Title: | Minimal Multilocus Distance (MMD) for Source Attribution and Loci Selection |
---|---|
Description: | The aim of the package is two-fold: (i) To implement the MMD method for attribution of individuals to sources using the Hamming distance between multilocus genotypes. (ii) To select informative genetic markers based on information theory concepts (entropy, mutual information and redundancy). The package implements the functions introduced by Perez-Reche, F. J., Rotariu, O., Lopes, B. S., Forbes, K. J. and Strachan, N. J. C. Mining whole genome sequence data to efficiently attribute individuals to source populations.

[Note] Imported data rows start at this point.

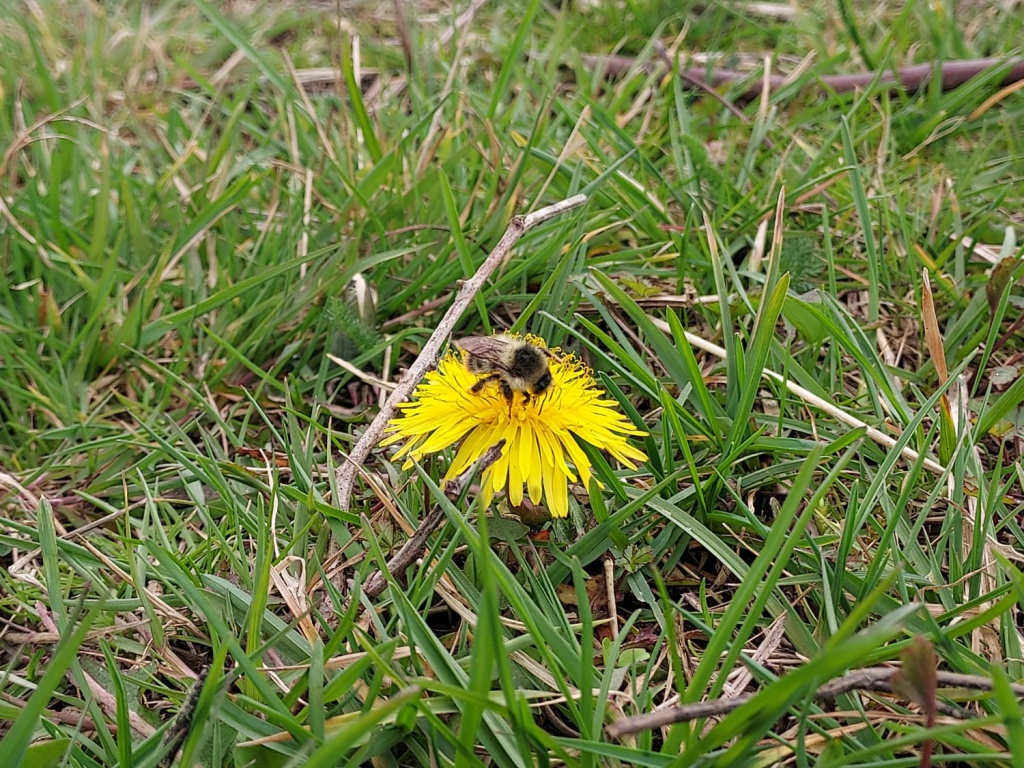 BuzzingShrill's tweet image. And just like that the Shrill Carder Bee season is upon us: Donna Truwhyte sent us these photos taken on the 23rd March at the Enchanted Gardens Plant Nursery in Kent! Bee-rilliant to see a queen although it still feels a little early?! Have you seen a shrill yet? Let us know! 🐝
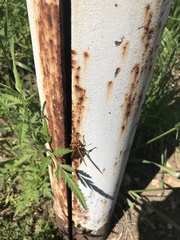 Polistes apachus texanus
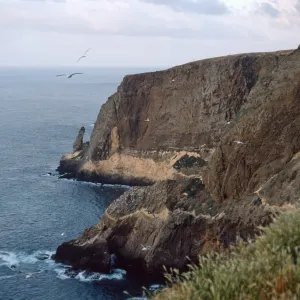 North Peak, Santa Barbara Island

Scientific Reports 10, 12124 (2020) <doi:10.1038/s41598-020-68740-6>. See more details and examples in the README file. |
Authors: | Francisco Perez-Reche [aut, cre] |
Maintainer: | Francisco Perez-Reche <[email protected]> |
License: | GPL-3 |
Version: | 1.0.0 |
Built: | 2025-02-19 04:59:47 UTC |
Source: | https://github.com/cran/MMD |
Attribution of individuals to sources using the MMD method
MMD_attr( datafile, popfile, NL, sourcenames, ToAttribute, SelfA = "no", fSelfA = 0.5, randomSelfA = "yes", quantile = 0.01, optq = "no", pqmin = 0, pqmax = 0.5, np = 20, Nbootstrap = 10000, verbose = FALSE )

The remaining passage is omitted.